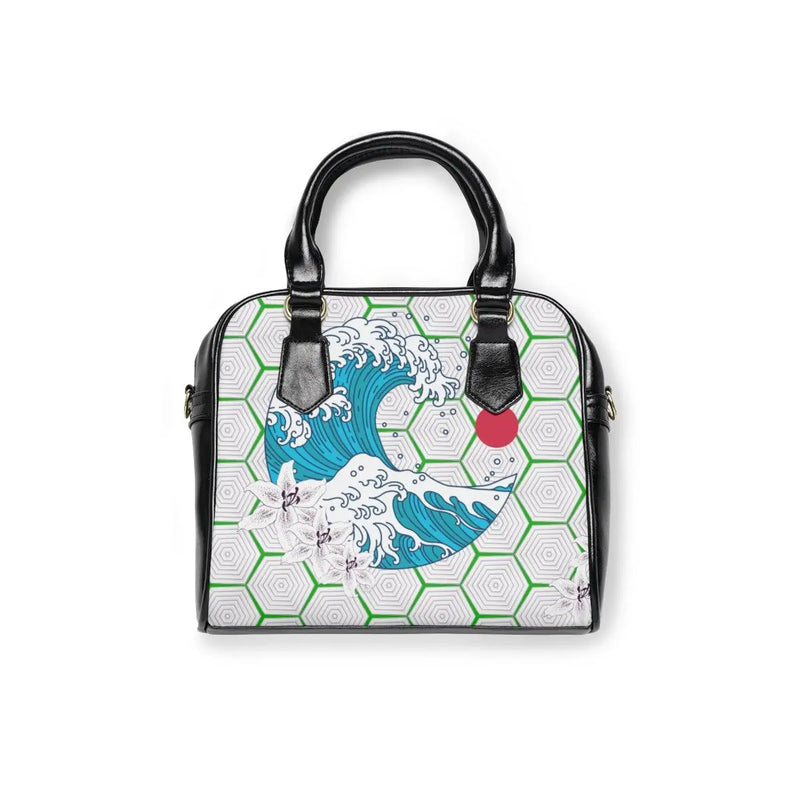 Tsunami Lillies handbag Printify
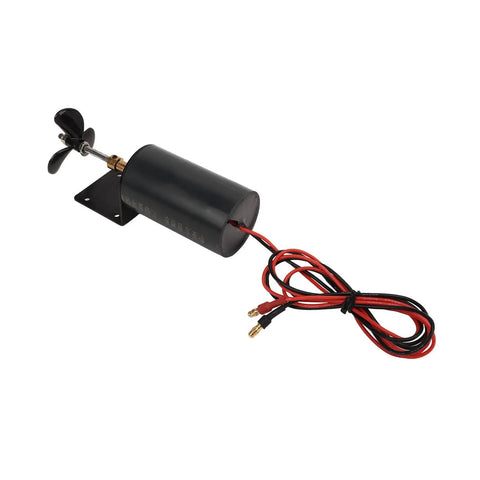 Underwater Thruster For RC Boats With 545 50T 3 Blade Propeller And Ducted Fan Brushless Motor, cables attached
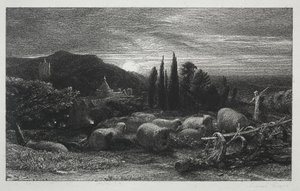 La Lune montante - Samuel Palmer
+ + + + + + +
* [ASSIGNED TASK]:
Reproduce every line above word for word; no images.

* [TASK SOLUTION]:
 Tsunami Lillies handbag Printify
 Underwater Thruster For RC Boats With 545 50T 3 Blade Propeller And Ducted Fan Brushless Motor, cables attached
 La Lune montante - Samuel Palmer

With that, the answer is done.